# Canadian Supply of Scale Lumber



## JamesBC (Jan 15, 2014)

Does anyone know of a online hobby supplier in Canada that carries Midwest Micro-Cut lumber?

Of course does not have to be Midwest, just scale lumber would be fine. 

thanks

Jim


----------



## DonR (Oct 18, 2012)

Micro mark in US has both balsa and bass wood strips that approximate
scale 2 X 6 etc. 

Don


----------



## JamesBC (Jan 15, 2014)

DonR said:


> Micro mark in US has both balsa and bass wood strips that approximate
> scale 2 X 6 etc.
> 
> Don


Well both Midwest and Mt. Albert make scale lumber. Mt Albert is even in Canada but can not find a Canadian shop online that carry either.
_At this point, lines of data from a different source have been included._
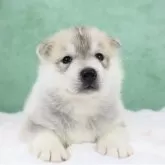 シベリアンハスキー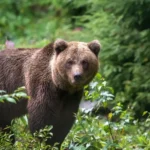 В латвийских лесах нашли три десятка ранее неучтённых бурых медведей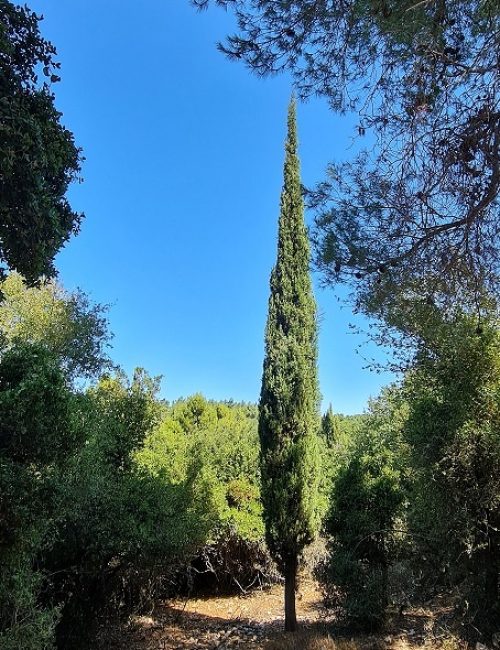 נחל נריה ונחל מורן - טיול בחורש ים תיכוני ופריחה עוניתית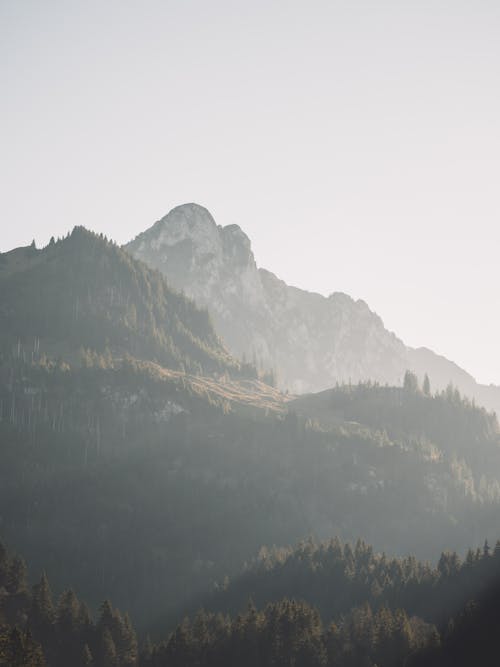 Free stock photo of mountains, summer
I prefer the Scale size rather than approximate, I was hoping to find a supply online in Canada rather than order from a shop in the US and pay all the shipping fees.

http://midwestproducts.com/collections/basswood

Looking for the above, I would like to buy it in Canada and avoid shipping, ect ect.


----------



## JamesBC (Jan 15, 2014)

Well I finally found a Canadian Source for two different scale lumber suppliers. Credit Valley Railway in Ontario carries both Mt Albert and Northeastern Scale Lumber.

Their online ordering is rather, slow and cumbersome but the people are great.

http://www.cvrco.com/whopage.htm

Jim


----------